Graphical User Interfaces can be Patentable within the U.S. Alice Framework

Graphical User Interfaces can be Patentable within the U.S. Alice Framework

A recent case from the United States Court of Appeals for the Federal Circuit sheds more light on what types of Computer Implemented Inventions might be considered patentable.

The patents in this case (Trading Technologies Int., Inc. v. CQG) relate to user interfaces, and in particular to user interfaces designed to facilitate real-time trading. The ’132 and ’304 patents describe and claim a method and system for the electronic trading of stocks, bonds, futures, options and similar products. The patents explain problems that arise when a trader attempts to enter an order at a particular price, but misses the price because the market moved before the order was entered and executed. It also sometimes occurred that trades were executed at different prices than intended, due to rapid market movement.

To address these problems, the patents are for “[a] method and system for reducing the time it takes for a trader to place a trade when electronically trading on an exchange, thus increasing the likelihood that the trader will have orders filled at desirable prices and quantities”. The patents describe a trading system in which a graphical user interface “display[s] the market depth of a commodity traded in a market, including a dynamic display for a plurality of bids and for a plurality of asks in the market for the commodity and a static display of prices corresponding to the plurality of bids and asks” (’132 patent col. 3, ll. 11–16; ’304 patent col. 3, ll. 15–20). In the patented system the bid and asked prices are displayed dynamically along the static display, and the system pairs orders with the static display of prices and prevents order entry at a changed price.

The issue in this case is whether the claims recite patentable subject matter or are merely directed to an abstract idea. The Court’s opinion in Alice Corporation Pty. Ltd. v. CLS Bank International, 134 S.Ct. 2347 (2014), provides the framework for patent-eligibility of business methods. The Court explained that a patent’s claim falls outside § 101 where:

  • it is “directed to” a patent-ineligible concept, i.e., a law of nature, natural phenomenon, or abstract idea, and
  • if so, the particular elements of the claim, considered “both individually and ‘as an ordered combination,’” do not add enough to “‘transform the nature of the claim’ into a patent-eligible application.”
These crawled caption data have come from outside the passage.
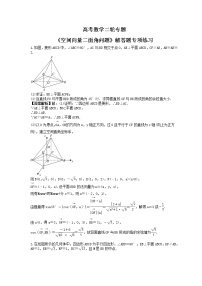 高考数学二轮专题《空间向量二面角问题》解答题专项练习(2份打包，教师版+原卷版)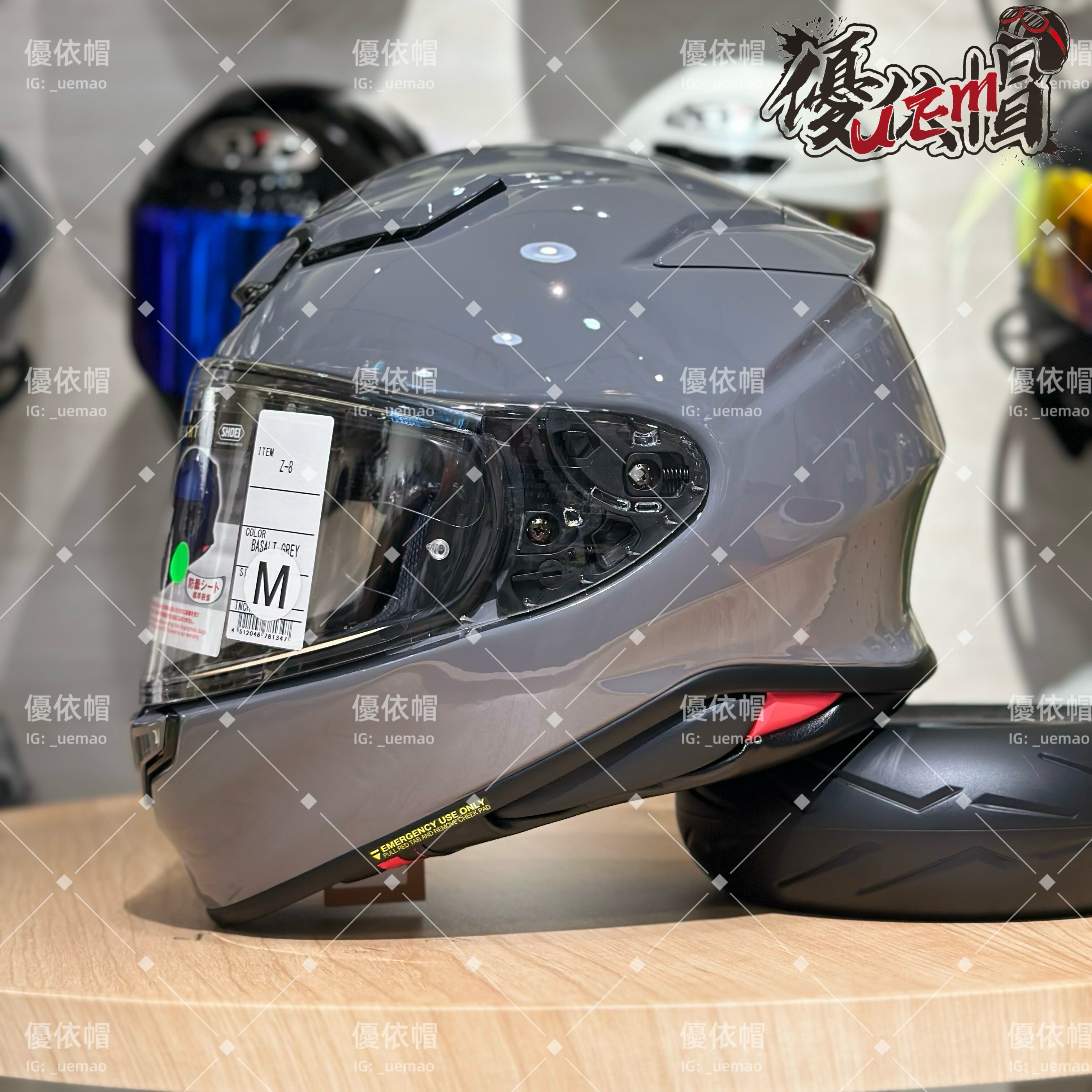 SHOEI Z8 素色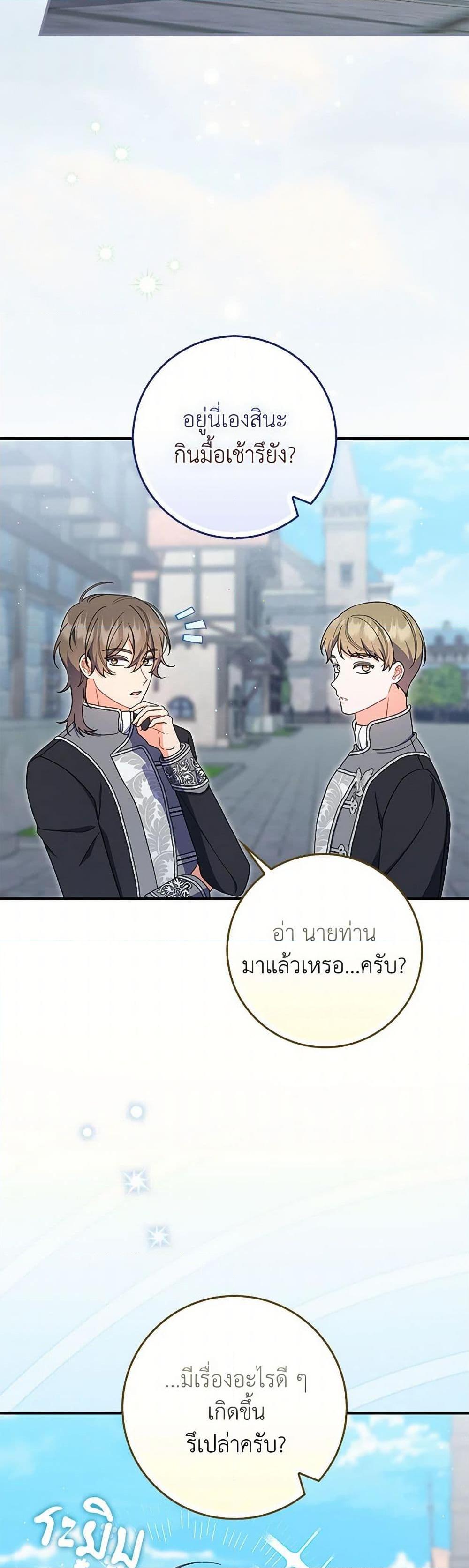 Manga-lc-com อ่านมังงะ อ่านการ์ตูน ออนไลน์ ฟรี I Listened to My Husband and Brought In a Lover ตอนที่ 1 2 3 4 5 6 7 8 9 10 11 12 13 14 ฟรี ไม่มีโฆษณา Manga-lc - อ่าน มังงะ อ่าน การ์ตูน ออนไลน์ อ่านมังงะ ฟรี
Based on this Alice framework, the District Court in this case explained that the challenged patents do not simply claim displaying information on a graphical user interface. The claims require a specific, structured graphical user interface paired with a prescribed functionality directly related to the graphical user interface’s structure that is addressed to and resolves a specifically identified problem in the prior state of the art. The District Court concluded that the patented subject matter meets the eligibility standards of Alice Step 1. The Court of Appeal concurred with the District Court, for all of the reasons articulated by the District Court, including that the graphical user interface system of these two patents is not an idea that has long existed and satisfies the threshold criterion of an abstract idea and ineligible concept, as the court explained in Mayo Collaborative Services v. Prometheus Laboratories, Inc., 566 U.S. 66, 73 (2012) (the patent must “amount to significantly more in practice than a patent upon the [ineligible concept itself]”).

This case provides some valuable indications on how to anticipate and to overcome excluded-subject objections in the U.S. In particular, it provides an indication that a graphical user interface may be patentable, if specifically configured to provide new functionality.